Anyway we got back to their place. H seemed a little grumpy, said he was tired. Kids wouldn't settle down so I suggested we just keep them up and all go to bed together since we were tired anyway. We all had to share one kingsize bed.

Next morning kids get up usual ungodly hour. So I get up with them. Man of house gets up too and we make breakfast while spouses snooze (these two are both Librans and very alike! LOL)

Eventually woman of house gets up. Starts nagging everyone about nothing (that's just her way, I am used to it). Eventually, evenutally H gets up. He is in foul mood. I am putting it down to bad nights sleep with kids in bed with us but not sure. By this time kids are fractious and want to head for beach. S(4) says he wants to go home. As friends are both out of earshot I say to H - Do you want to go home? Thinking this is a good opportunity for him to say yes as he quite clearly is not up for another fun day on the beach. He just says - whatever. I say whatever is not an answer, tell me what you want to do. He says nothing.

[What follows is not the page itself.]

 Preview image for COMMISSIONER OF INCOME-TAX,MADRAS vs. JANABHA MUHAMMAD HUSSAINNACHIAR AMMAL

So by this point I just decide to make the best of it. Let him get on with being miserable. If he can't actually voice what it is he wants then how can I do that for him. maybe he will cheer up when he gets out of his sleep fog and we are all chilling out at the beach.

I felt really angry with thim though. Vent a bit to friend. She says she knows she can be a monster without sleep and H is probably the same, just to let him be.

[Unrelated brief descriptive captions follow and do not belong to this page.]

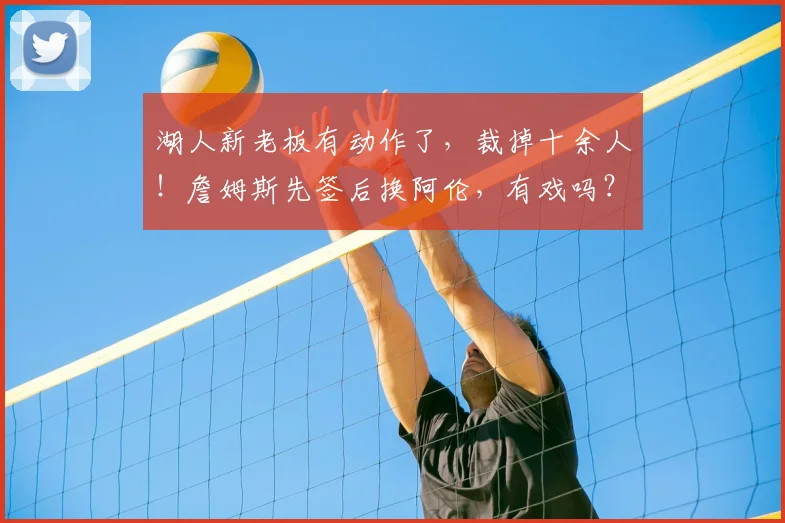 湖人新老板有动作了,裁掉十余人!詹姆斯先签后换阿伦,有戏吗?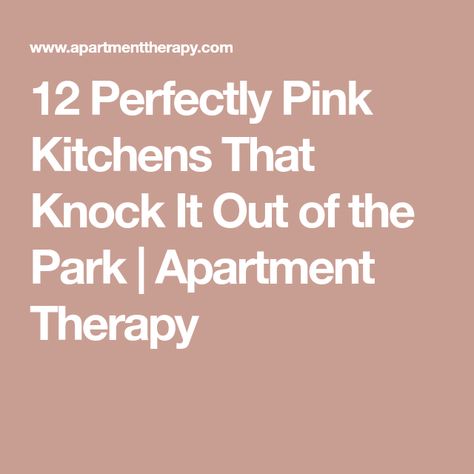 12 Perfectly Pink Kitchens That Knock It Out of the Park | Apartment Therapy Dusty Pink Kitchen Walls, Pink And Cream Kitchen Ideas, Dusky Pink Kitchen Walls, Pink Kitchens Vintage, Pink Kitchens Modern, Pale Pink Kitchen Walls, Pink Painted Kitchen Cabinets, Light Pink Kitchen Walls, Pale Pink Kitchen Cabinets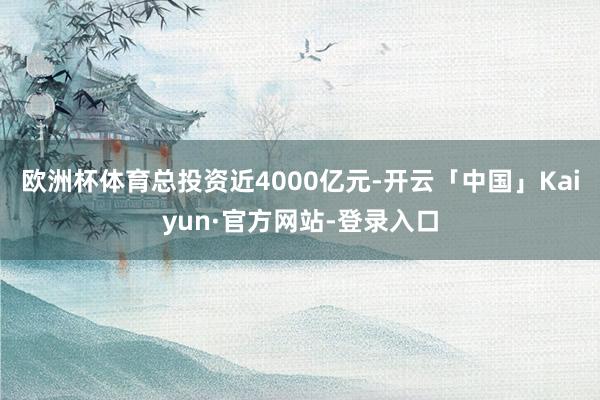欧洲杯体育总投资近4000亿元-开云「中国」Kaiyun·官方网站-登录入口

Had an OK day, H handled it OK, bit of a short fuse but not too bad. Hardly said two words to each other on 2 hour drive home.

Felt bad about everything all day monday. H was at work and then went out for evening. Stayed out v. late. I texted an ILY during the day (act as if).

Last night was our salsa night, had a good time and when we got back and had a bite to eat I raised the issue of how the weekend had gone. I just started by saying <<how can we stop what happened at the weekend from happening again, I felt like we were back in the old R>>
He said me too. We talked about it, he blamed me. I should not have put him on the spot to be the one who had to decide whether to go or stay. If I realised what a bad mood he was in then why did I not realise what the problem was and suggest we go home. I tried to point out that I had suggested we went home. But he said that would have meant that he left me stuck with the kids. I said, well OK but if you said I am not enjoying being here I want to go home then I could have said one of two things:
OK lets all go home
OR
OK have a good time, we'll stay for a bit.
But you would have got what you wanted and I would have been OK too.
We talked some more generally about how we communicate. He is still in old style I feel but I was proud of myself for not reverting to my old style too much. Although he accused me of it I could tell it was different and that was just him being in his rut still. Finally I said, I think all our arguments have been about the same thing. You saying LISTEN and me saying BE MORE CLEAR. I started to cry then because a thought occurred to me. I told him it was as if we are always trying to communicate down a crackly trans-continental phone line and the conversation goes:
I love you
What?
I said I love you
Can't hear you - shout
I AM SHOUTING
No you're not
I AM you just don't listen
etc
etc

So anyway, I don't know if we resolved much, a little I think. It was late by this time (1 am) we went upstairs and ML which was good. But I still woke up with a knot in my stomach and feeling things aren't right and not knowing how to make them right.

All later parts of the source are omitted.